サービスレベルアグリーメントとは?メリットや種類、記載内容は?
目次[非表示]
- 1.サービスレベルアグリーメント(SLA)の概要
- 2.サービスレベルアグリーメント(SLA)のメリット
- 2.1.サービス内容や提供範囲を明確化できる
- 2.2.サービス品質のレベルを定量的に測定できる
- 2.3.サービスレベルを維持するための運営ルールを定められる
- 2.4.カスタマーエクスペリエンスの向上につながる
- 2.5.従業員エクスペリエンスの向上につながる
- 2.6.生産性やパフォーマンスの向上に役立つ
- 3.サービスレベルアグリーメントの種類
- 4.サービスレベルアグリーメントに記載すべき主な内容
- 4.1.契約の概要
- 4.2.サービスの説明
- 4.3.サービスレベル目標(SLO)
- 4.4.セキュリティ
- 4.5.連絡先
- 4.6.未達成の目標に対する補償
- 4.7.キャンセル条件
- 5.サービスレベルアグリーメントにより測定する主な指標
- 6.まとめ

IT・通信業界のビジネスでは、利用者と「サービスレベルアグリーメント(SLA)」を締結するケースが多くなっています。提供するサービスの内容や提供範囲をSLAで明文化して、利用者と合意することによって、両者の信頼関係を構築することが可能です。
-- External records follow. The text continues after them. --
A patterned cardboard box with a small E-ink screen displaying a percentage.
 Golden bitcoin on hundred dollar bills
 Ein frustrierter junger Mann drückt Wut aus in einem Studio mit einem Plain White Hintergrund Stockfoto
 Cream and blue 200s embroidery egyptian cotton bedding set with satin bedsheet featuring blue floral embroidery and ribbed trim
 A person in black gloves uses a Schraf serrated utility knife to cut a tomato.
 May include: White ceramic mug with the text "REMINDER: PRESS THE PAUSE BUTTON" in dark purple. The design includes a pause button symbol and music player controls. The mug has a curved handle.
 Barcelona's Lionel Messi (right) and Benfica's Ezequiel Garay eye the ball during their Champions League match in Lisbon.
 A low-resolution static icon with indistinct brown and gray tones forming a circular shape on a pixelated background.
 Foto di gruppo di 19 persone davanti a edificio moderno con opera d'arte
この記事では、そんなSLAの基礎知識を解説します。SLAを締結するメリットや記載内容についても紹介しますので、ぜひ参考にしてください。
サービスレベルアグリーメント(SLA)の概要
初めに、「サービスレベルアグリーメント(SLA)」について基本から解説します。概要や似ている指標との違いを確認してみましょう。
サービスレベルアグリーメントとは?
「サービスレベルアグリーメント(Service Level Agreement)」とは、サービス提供会社と利用者の間で、提供されるサービスの品質や水準を明確にして合意する契約です。主に通信サービスやクラウドサービスをはじめとした、IT・通信業界のビジネスで用いられています。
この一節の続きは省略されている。